I would compassionately request Adnan Rashid to educate himself in the biblical texts so that he may argue from a position of knowledge. Showing disrespect for history, biblical scholarship and ignoring relevant biblical texts is not only unprofessional but may be perceived as hurtful and certainly not a compassionate reading by those who love scholarship and biblical texts.
Hi Sid,
Thanks for your input. You write:
“I would compassionately request Adnan Rashid to educate himself in the biblical texts so that he may argue from a position of knowledge. Showing disrespect for history, biblical scholarship and ignoring relevant biblical texts is not only unprofessional but may be perceived as hurtful and certainly not a compassionate reading by those who love scholarship and biblical texts.”
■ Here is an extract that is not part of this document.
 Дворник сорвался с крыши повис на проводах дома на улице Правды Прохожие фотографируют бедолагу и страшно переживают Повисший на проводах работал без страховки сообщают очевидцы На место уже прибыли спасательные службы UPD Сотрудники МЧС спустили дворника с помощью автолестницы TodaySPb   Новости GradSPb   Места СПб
It really bothers Rashid and others that the Bible doesn’t conform to Islam. Therefore they have to torture the text to make it what they want. He has his conclusion before he starts and if something is in the way, just say its corrupted.
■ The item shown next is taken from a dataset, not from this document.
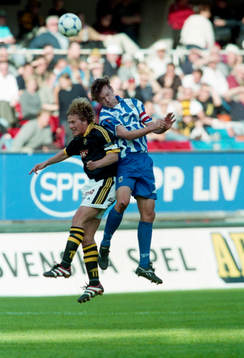 Daniel Tjernström, AIK i nickduell med Magnus Erlingmark,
I know its sad but that’s the way he is.
God bless,
Allan
Hi Allan,
I do not now Adnan Rashid or much about him, so I can’t really comment on that side of things. I was just saddened by the injustice I felt he was committing by misrepresenting the text in such a gross manner.
But now that you mention corruption, got me thinking of an ironic twist to the tale. The word in the Hebrew original, rendered as “fiery law” is “ehsdat” following Jewish tradition. In the Midrashic interpretation it is made up of the word “esh” (fire) and “dat” (law). The latter, however, is a Persian loanword that came into Hebrew around the 5th century b.c.e. and is, accordingly, attested only in later texts of the Hebrew Bible, such as Esther. Following this translation is thus evidence of a post-mosaic interpolation. So tongue-in-cheek we might say that Adnan Rashid is unwittingly basing his evidence for Muhammad on a post-mosaic corruption/interpolation in the text.
It simply shows that he is not knowledgeable of the issues and does not posses the required skills to adequately handle the evidence.
See, but if it’s a corruption that helps Islam, it’s a valid corruption in the eyes of Rashid and other Muslim apologists.